What the task requires: Type out the complete listing below word for word, without its pictures.

Data:
□ □ □

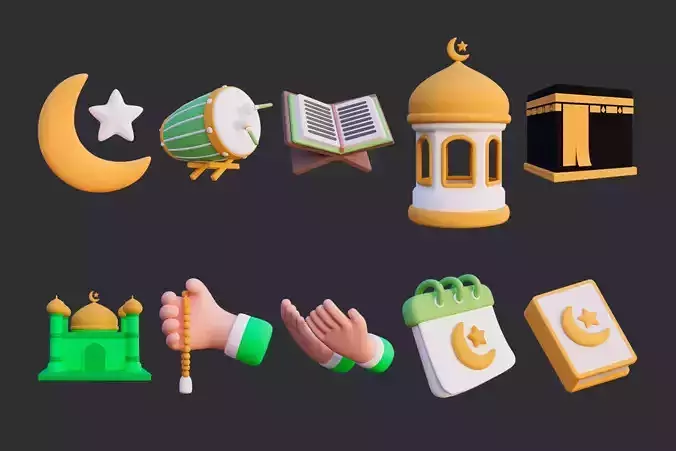 Low Poly Ramadhan Asset Pack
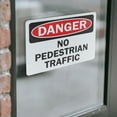 thumbnail image 4 of (2 Pack) No Pedestrian Traffic OSHA Danger Sign 10 Inch X 7 Inch Vinyl Label Decal Sticker Weather Resistant, UV Protected for Workplace, Business, and Construction Site, Made in the, 4 of 7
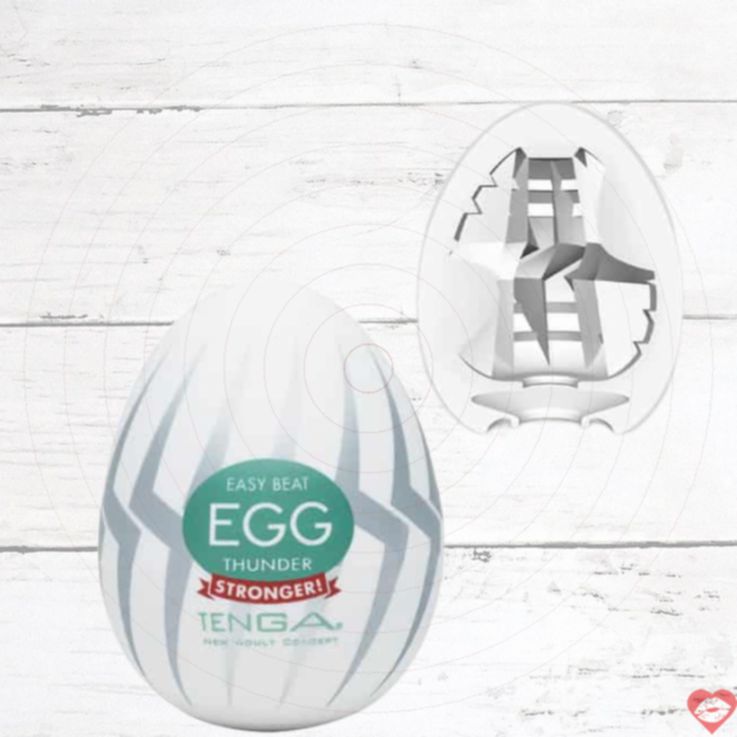 Tenga Egg Hard-Boiled Thunder Trứng Sét Trắng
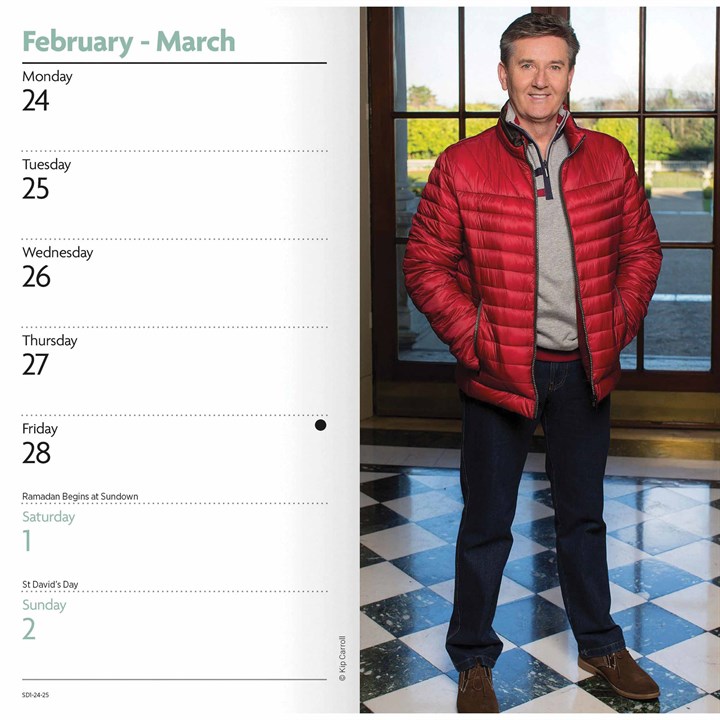 Daniel O'Donnell Slim Diary 2025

□ □ □

Solution below:
 Low Poly Ramadhan Asset Pack
 thumbnail image 4 of (2 Pack) No Pedestrian Traffic OSHA Danger Sign 10 Inch X 7 Inch Vinyl Label Decal Sticker Weather Resistant, UV Protected for Workplace, Business, and Construction Site, Made in the, 4 of 7
 Tenga Egg Hard-Boiled Thunder Trứng Sét Trắng
 Daniel O'Donnell Slim Diary 2025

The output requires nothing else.